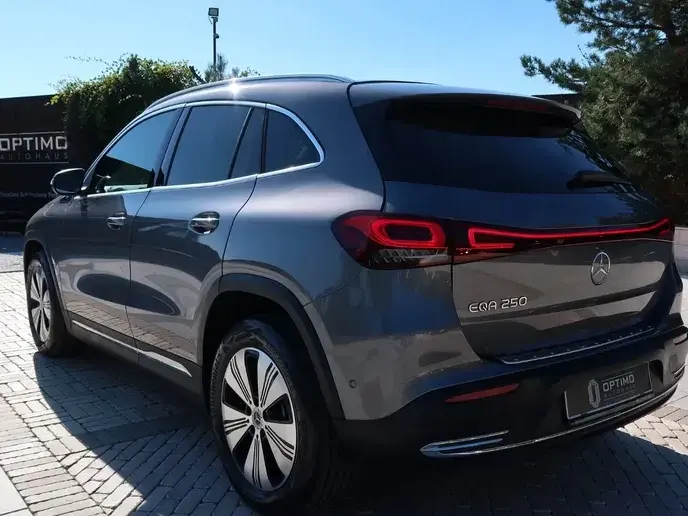 Mercedes-Benz EQA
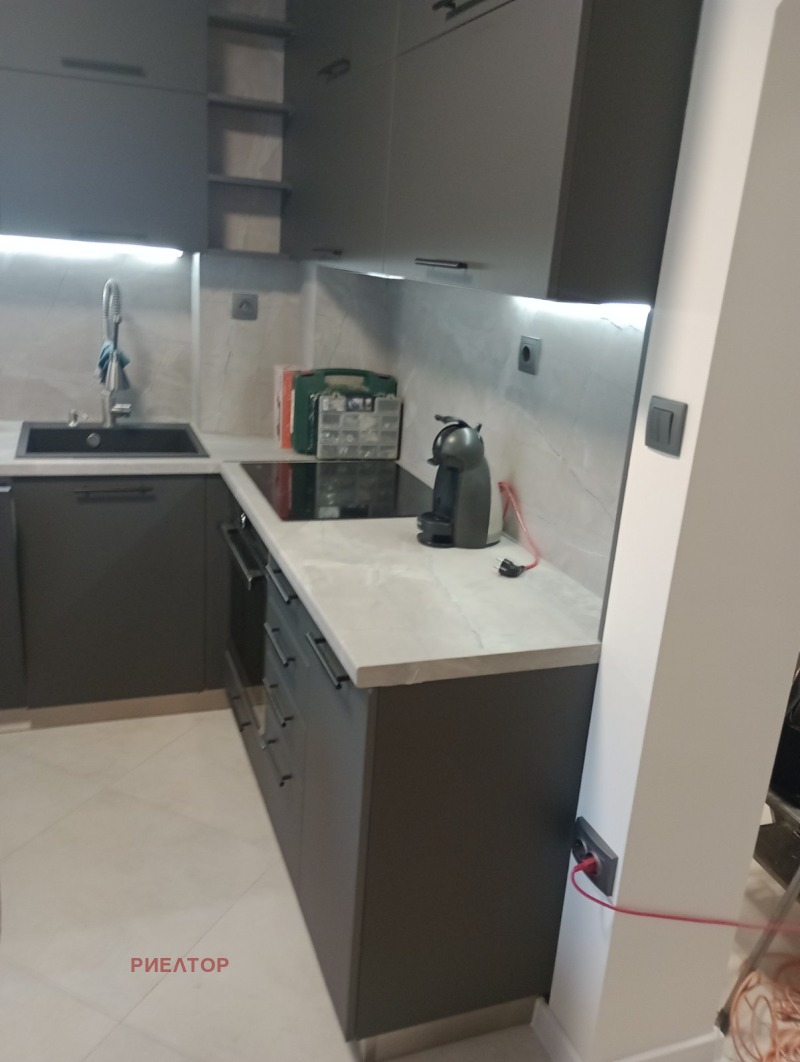 For Rent  1 bedroom Plovdiv , Kamenitsa 1 , 76 sq.m | 35520315 - image [8]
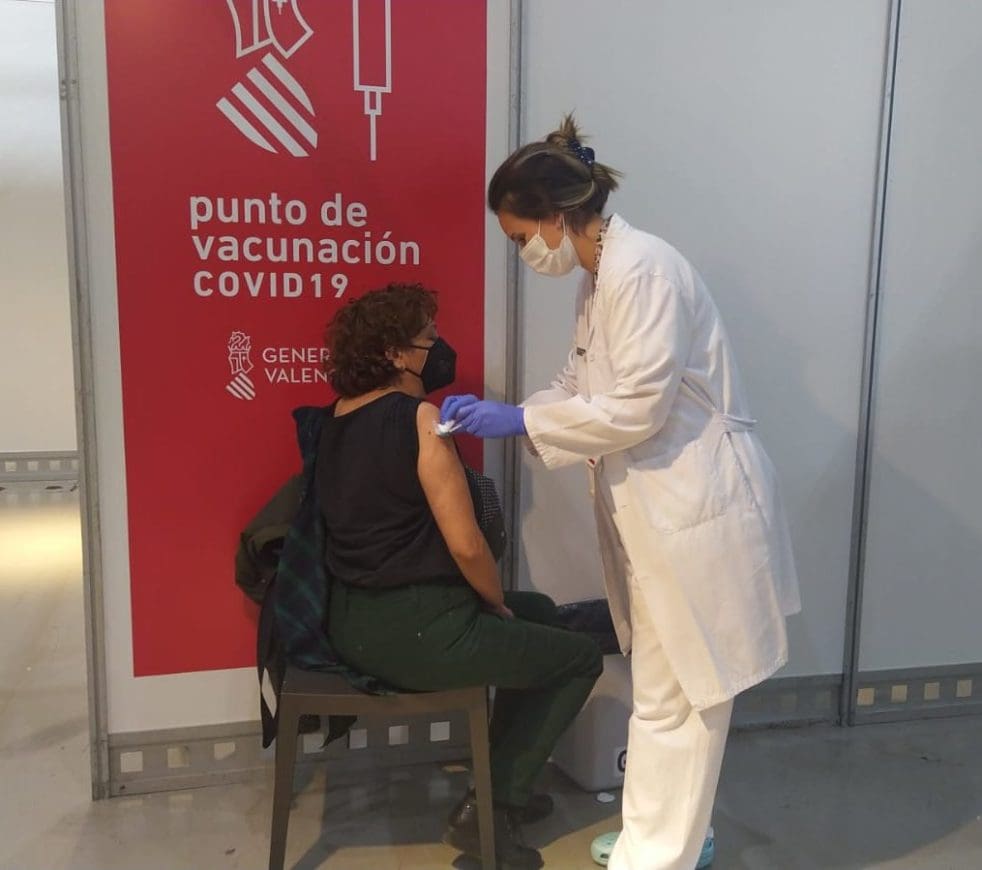 Vacunación masiva en IFA (Elche)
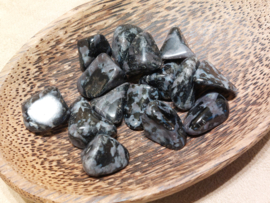 Gabbro merliniet of mystic merliniet knuffelsteen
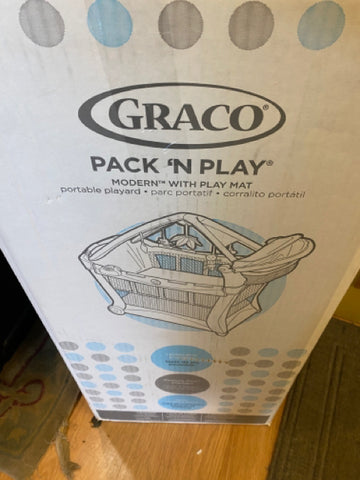 Graco Pack 'N Play Crib with Modern Play Mat
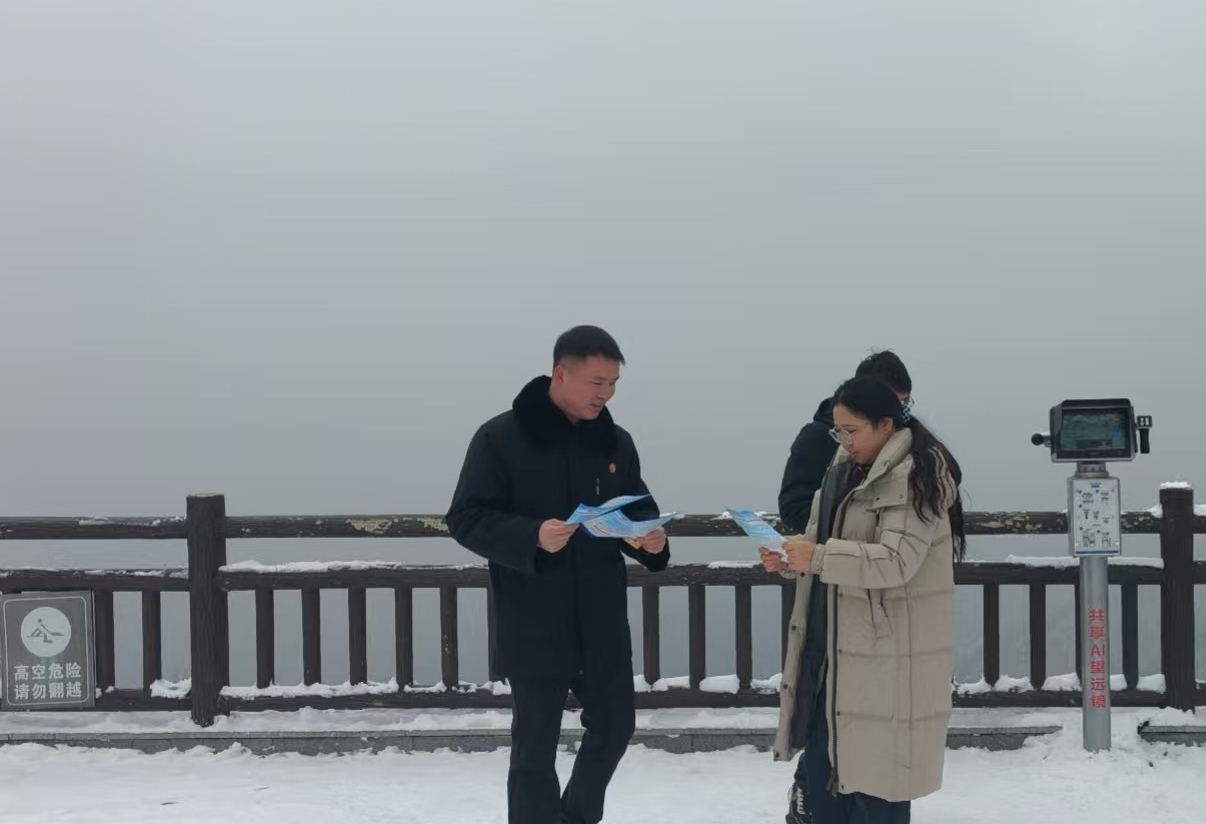 d526d0a2cdb8e58a3a619401fb38c2f2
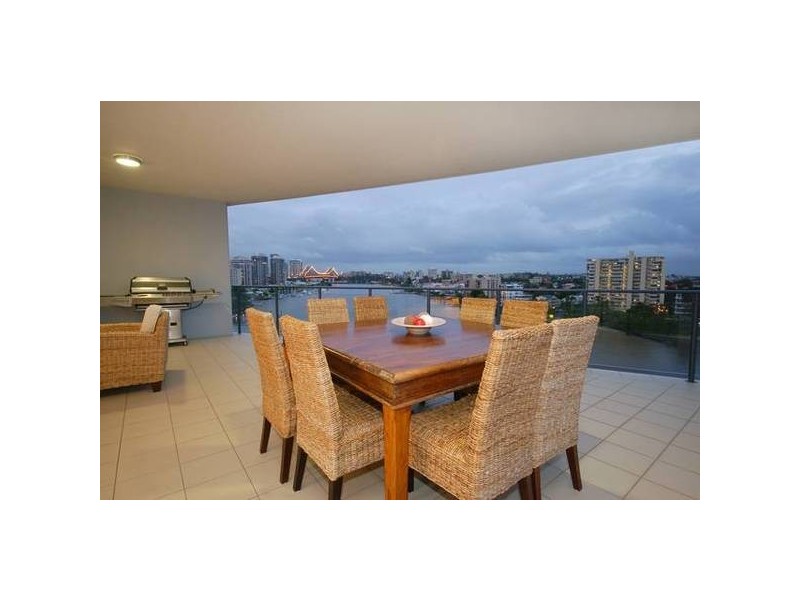 42/98 Thorn Street, Kangaroo Point QLD 4169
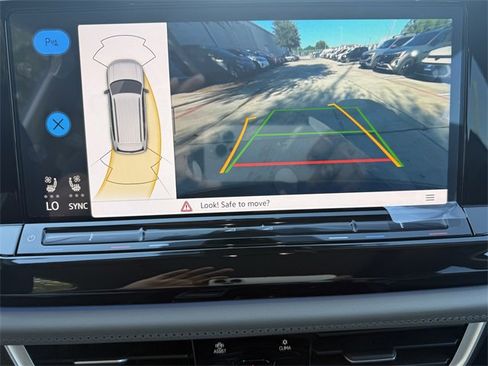 Certified 2025 Volkswagen Atlas Peak Edition SE image 17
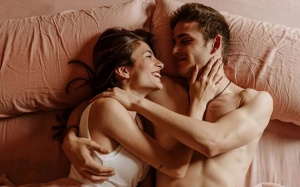 Triệu chứng khi 'yêu' cảnh báo bệnh lạc nội mạc tử cung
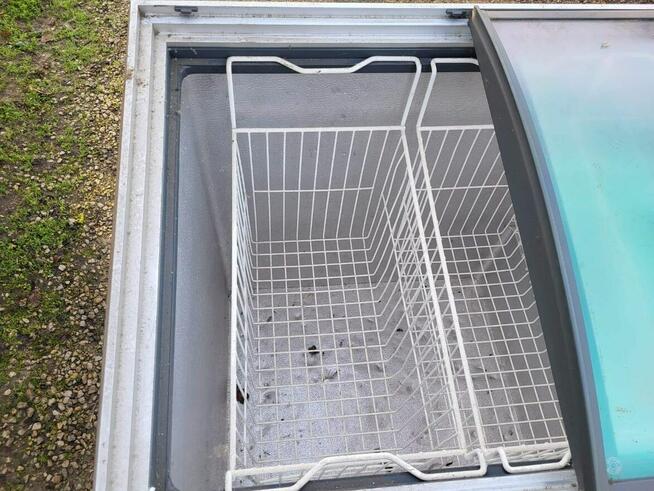 Zamrażarka skrzyniowa sprawna z szybą, wolnostojąca Caravell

------------------------------------------------------------------------

Give back each entry verbatim but drop its pictures.

Exercise output.
 Mercedes-Benz EQA
 For Rent  1 bedroom Plovdiv , Kamenitsa 1 , 76 sq.m | 35520315 - image [8]
 Vacunación masiva en IFA (Elche)
 Gabbro merliniet of mystic merliniet knuffelsteen
 Graco Pack 'N Play Crib with Modern Play Mat
 d526d0a2cdb8e58a3a619401fb38c2f2
 42/98 Thorn Street, Kangaroo Point QLD 4169
 Certified 2025 Volkswagen Atlas Peak Edition SE image 17
 Triệu chứng khi 'yêu' cảnh báo bệnh lạc nội mạc tử cung
 Zamrażarka skrzyniowa sprawna z szybą, wolnostojąca Caravell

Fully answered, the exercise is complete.